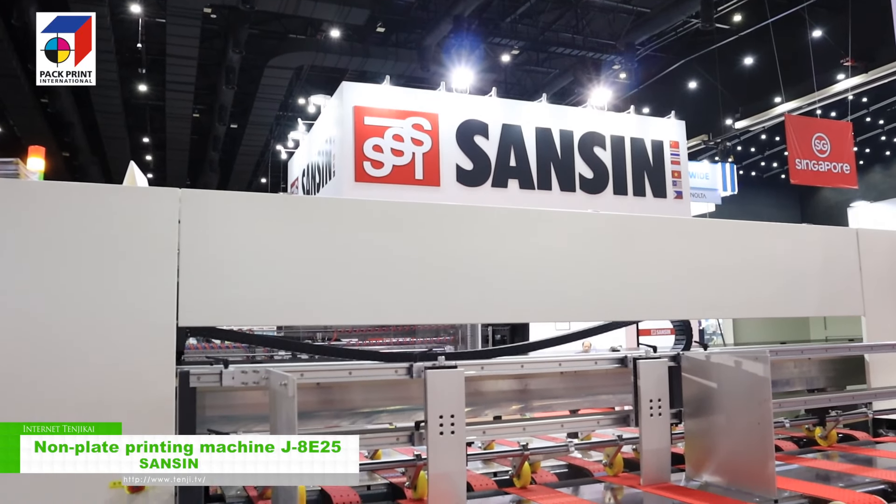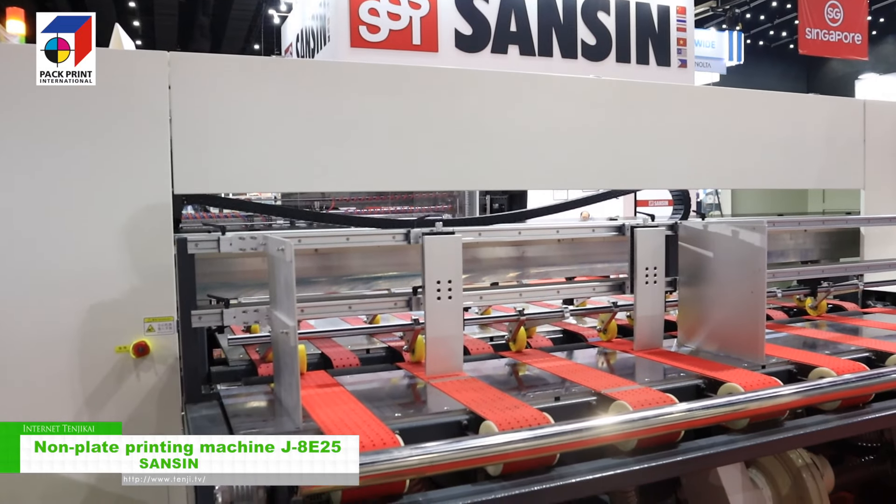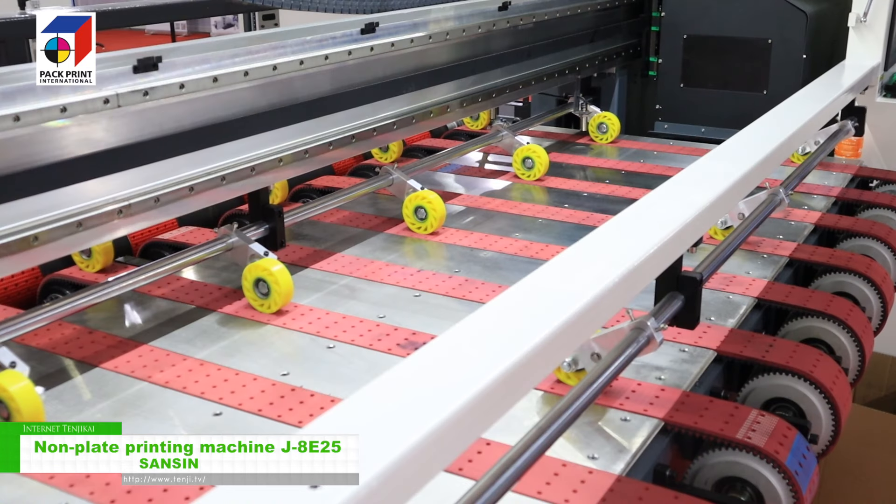Hello, everyone. We are from SunSyn. We are a business owner of the Chinese machine. We will have both offices and equipment, but today we will be presenting the equipment.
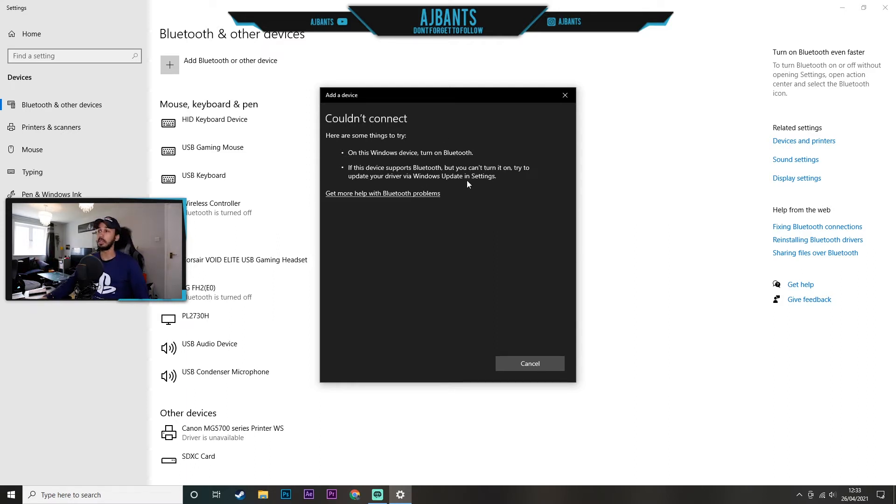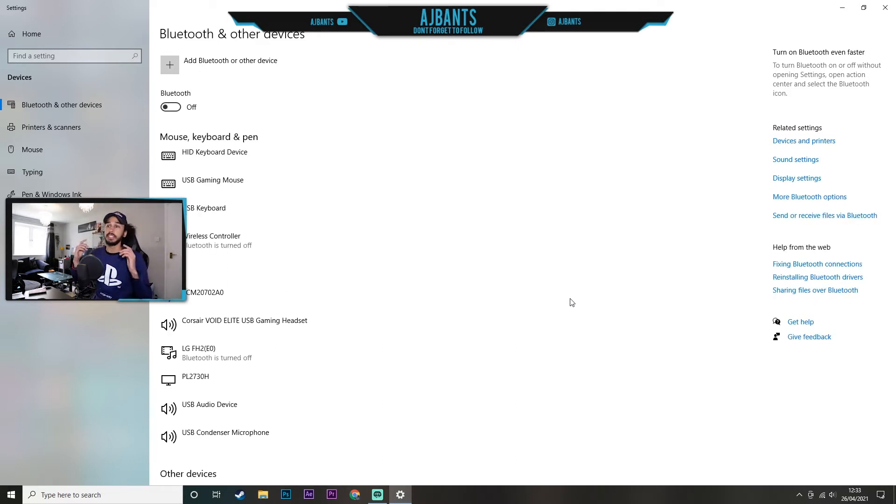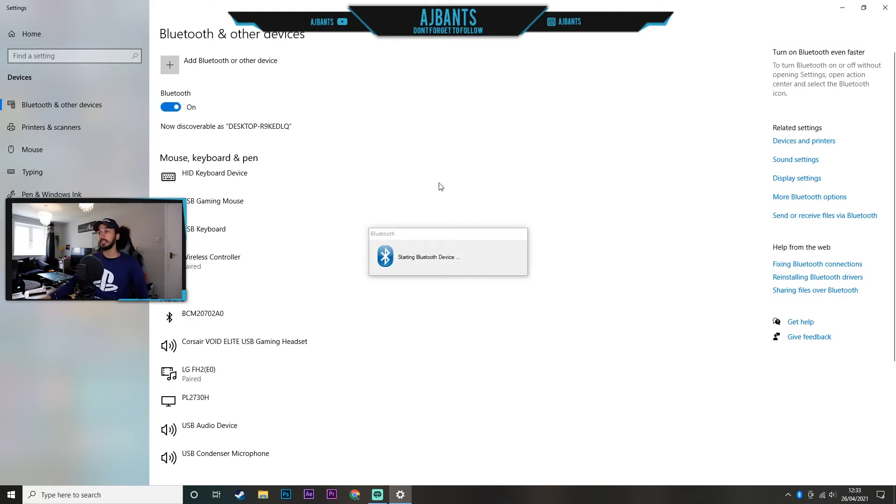Now all we're going to do is plug this into any USB connector you have on your computer — the back ones, the ones on top, it doesn't really matter. We're going to plug it into the ones on top. That has now been plugged in, and straight away the Bluetooth icon has turned on.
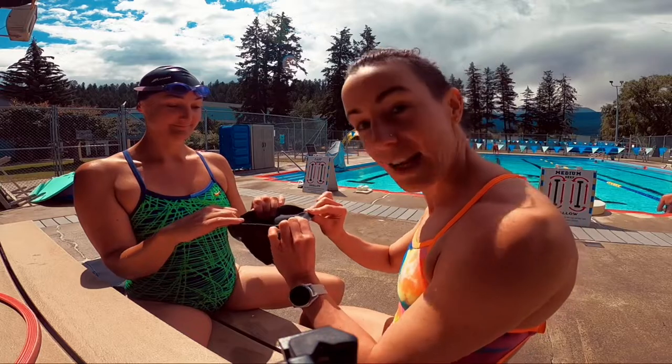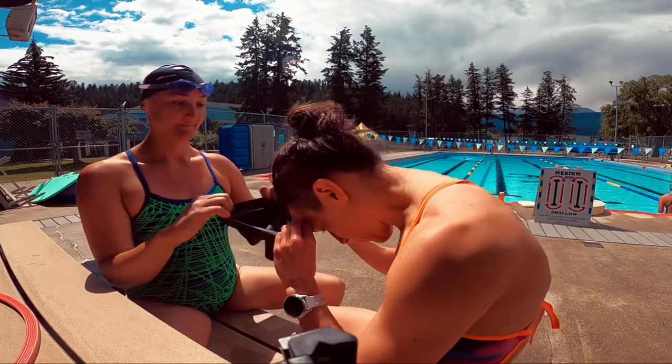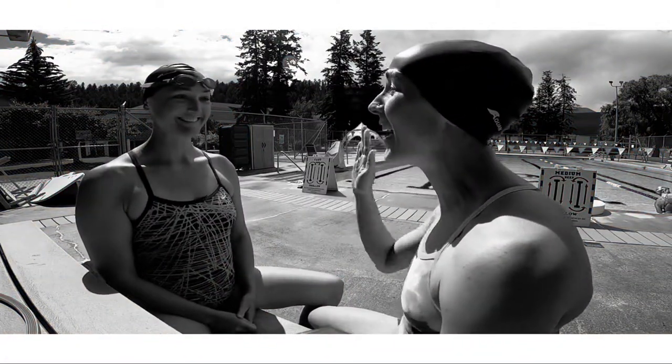So I'm going to grab this side, which is going to go on my forehead, she's going to grab that side and go on the back. I put it on my forehead in one, two, three. Thanks friend. And you're welcome.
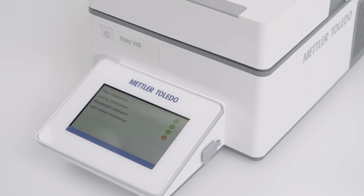In this video, you will learn how easily the lamp can be replaced on the EasyVis spectrophotometer from Mettler Toledo.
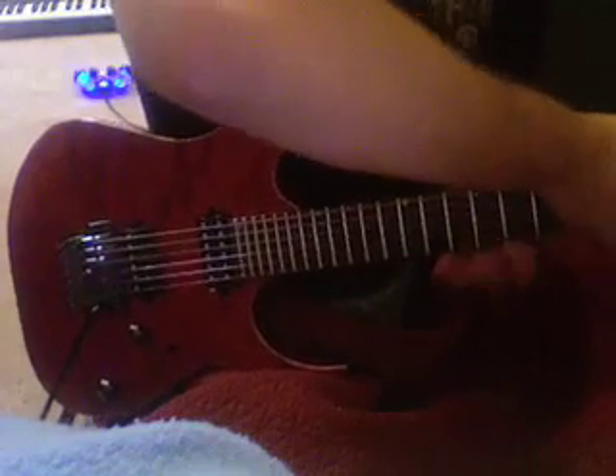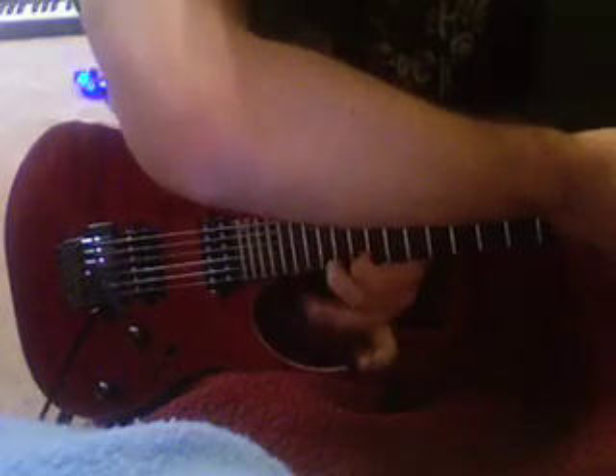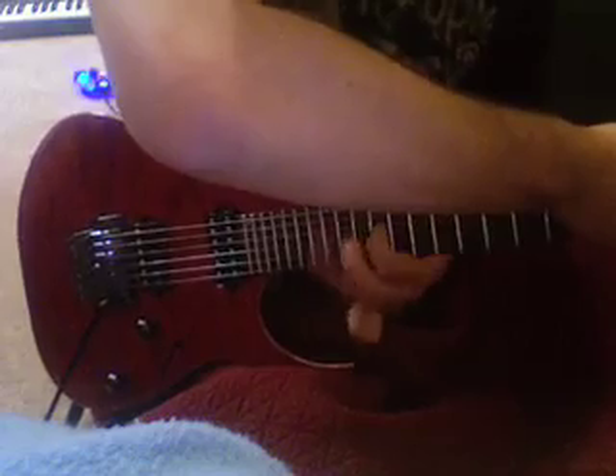Same principle — mute the strings with this hand and play the run of whatever with the other hand. As long as you mute and play the notes clearly, you'll be fine. Cool, enjoy.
----
■ EXERCISE DESCRIPTION ■
Restate word for word every line from the one with "Now all we're" up to and including the one with "So I'm going" in the records above, minus the pictures.

■ ANSWER FOR THIS EXERCISE ■
Now all we're going to do is plug this into any USB connector you have on your computer — the back ones, the ones on top, it doesn't really matter. We're going to plug it into the ones on top. That has now been plugged in, and straight away the Bluetooth icon has turned on.
So I'm going to grab this side, which is going to go on my forehead, she's going to grab that side and go on the back. I put it on my forehead in one, two, three. Thanks friend. And you're welcome.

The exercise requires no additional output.